To use this program, you will need the Textbook, the Teacher's Guide, Study Sheets, Drill Sheets, and Test Packets. Other study aids are also available. Volumes I and II are available now, Volume III is due out in 2004 and Volume IV is planned for 2005. The Complete Teacher's Guide is what makes this program accessible. It gives systematic instructions for each lesson, and it includes all student text, study sheets, drill sheets, and tests with answers rendering it very easy to use. There are also detailed instructions for the student to follow in setting up the notebook that will become an essential study tool throughout the program. The student will begin with an English grammar review, and will quickly progress to translating sentences and then paragraphs and passages from Latin into English. Progress is important, because the goal is not to muck around endlessly in Latin grammar, but rather to master Latin in order to read the great works written in it.
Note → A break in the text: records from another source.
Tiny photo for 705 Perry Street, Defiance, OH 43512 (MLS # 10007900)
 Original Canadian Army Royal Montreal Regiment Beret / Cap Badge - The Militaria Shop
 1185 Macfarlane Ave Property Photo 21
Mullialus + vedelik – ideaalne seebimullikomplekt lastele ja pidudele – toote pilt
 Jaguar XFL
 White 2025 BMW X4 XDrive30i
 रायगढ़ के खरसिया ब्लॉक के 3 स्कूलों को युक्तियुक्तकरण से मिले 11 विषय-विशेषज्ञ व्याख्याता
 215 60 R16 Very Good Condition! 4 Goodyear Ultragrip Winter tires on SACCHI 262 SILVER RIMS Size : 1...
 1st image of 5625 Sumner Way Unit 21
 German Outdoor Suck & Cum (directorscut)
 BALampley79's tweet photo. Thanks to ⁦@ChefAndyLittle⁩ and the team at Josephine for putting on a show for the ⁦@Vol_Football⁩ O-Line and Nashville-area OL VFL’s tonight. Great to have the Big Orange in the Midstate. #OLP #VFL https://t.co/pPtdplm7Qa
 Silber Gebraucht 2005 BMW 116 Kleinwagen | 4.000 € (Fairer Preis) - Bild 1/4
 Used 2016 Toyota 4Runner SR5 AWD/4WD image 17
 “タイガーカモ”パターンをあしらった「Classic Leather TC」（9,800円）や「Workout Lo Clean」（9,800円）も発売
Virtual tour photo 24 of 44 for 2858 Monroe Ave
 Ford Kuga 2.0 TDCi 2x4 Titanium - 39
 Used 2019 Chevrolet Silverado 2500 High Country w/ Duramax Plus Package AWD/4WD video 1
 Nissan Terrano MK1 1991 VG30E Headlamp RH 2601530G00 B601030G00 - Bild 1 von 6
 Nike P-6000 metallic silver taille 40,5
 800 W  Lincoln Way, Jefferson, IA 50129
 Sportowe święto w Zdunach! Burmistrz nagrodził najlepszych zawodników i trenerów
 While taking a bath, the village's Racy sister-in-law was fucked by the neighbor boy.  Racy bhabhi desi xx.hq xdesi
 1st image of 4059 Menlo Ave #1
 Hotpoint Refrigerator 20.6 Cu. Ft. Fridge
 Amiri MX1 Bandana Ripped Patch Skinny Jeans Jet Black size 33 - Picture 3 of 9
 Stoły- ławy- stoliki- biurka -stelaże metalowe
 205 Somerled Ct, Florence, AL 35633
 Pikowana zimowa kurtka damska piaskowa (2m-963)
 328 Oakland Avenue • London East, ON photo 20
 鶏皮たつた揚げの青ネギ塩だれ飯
Let's take Lesson 11 from Volume I as a sample to see how this program might actually work in the trenches. The Teacher's Guide breaks the lesson into 11 separate steps and I want to complete the lesson in eight days or two school weeks. On day one, we will learn a new Latin phrase and discuss grammar, in this case, three verb tenses (steps one and two). On day two, we will memorize the verb tenses using the 'tricks' in the Teacher's Guide (steps three and four). On days three through six, the student will complete the Study Sheet, the Drill Sheet and the Exercises (steps five through nine). Then on day seven, we will read and discuss the Roman History section (step 10) and finally on day eight, the student will read and translate several paragraphs from Latin (step 11). Keep in mind that if you as the teacher are learning Latin yourself, you'll need to do some of the exercises as you go along. Also, daily drill with the note cards the student has made will be vital to successful retention of grammar and vocabulary.
LitCT is ideal for a high school student starting on Latin for the first time, or a student as young as sixth grade who has had some exposure to Latin through a program like Latina Christiana. Volumes I-III are the equivalent of three years of high school Latin. LitCT differs from other Latin programs in that it spreads the grammar out over all three years and includes portions of the Latin Vulgate, Caesar's Gallic Wars and Cicero's speeches interspersed. The more traditional approach has been to teach all the grammar in Year One, read Caesar in Year Two and Cicero in Year Three. The authors explain that they prefer to spread out the grammar for better retention. Also, LinCT relies more heavily on the Vulgate than any classical writings.
Be prepared for a learning curve if you're a teacher approaching Latin for the first time. There will also be about 30 minutes a week of preparation required throughout the program. LitCT is both enjoyable and rigorous, and, given the opportunity, will help you become a better Latin teacher.